La Dra. Yukiko Nakatani, Subdirectora General de la OMS para Sistemas de Salud, calificó la situación como una crisis que requiere acción inmediata ante el aumento de riesgos ambientales y emergencias sanitarias. “Estas tendencias reflejan demasiadas muertes que podrían haberse evitado”, sentenció Nakatani, haciendo énfasis en que la contaminación del aire contribuyó a unos 6,6 millones de muertes en 2021, mientras que las deficiencias en agua y saneamiento sumaron otros 1,4 millones en 2019.

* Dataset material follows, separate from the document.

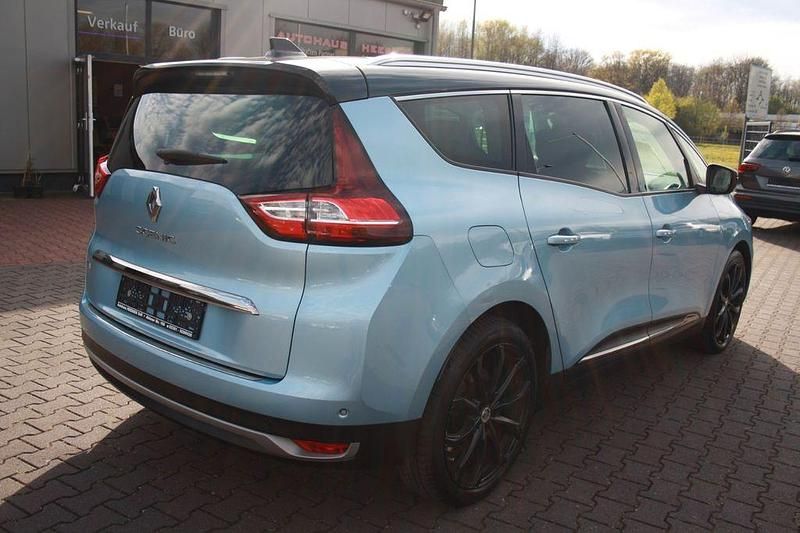 Gebraucht Renault Scénic IV Bose Edition 160 PS (117 kW) 2017 Blau Van / Kleinbus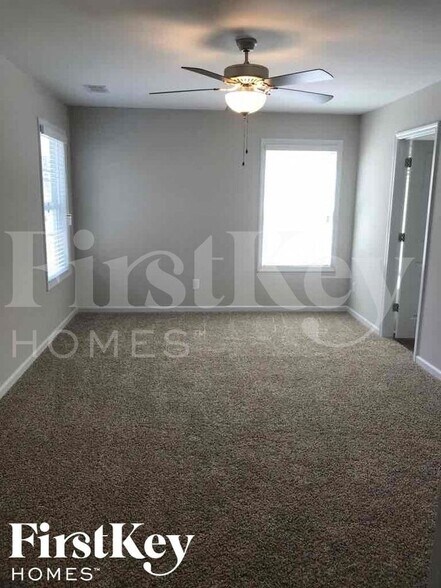 Building Photo - 8 E Newnan Rd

El impacto devastador del COVID-19 y la falta de datos

El informe arroja luz sobre el impacto real de la pandemia de COVID-19, vinculándola a un exceso de 22,1 millones de muertes entre 2020 y 2023, una cifra que triplica los reportes oficiales y que ha revertido una década de ganancias en esperanza de vida. Este panorama se ve agravado por un preocupante «vacío de información»: para finales de 2025, solo el 18 % de los países informaban datos de mortalidad a la OMS dentro de un año de ocurrido el deceso, y casi un tercio nunca ha reportado información sobre las causas de muerte.

El Dr. Alain Labrique, Director del Departamento de Datos de la OMS, advirtió que estas lagunas limitan severamente la capacidad de monitorear tendencias en tiempo real y diseñar respuestas efectivas.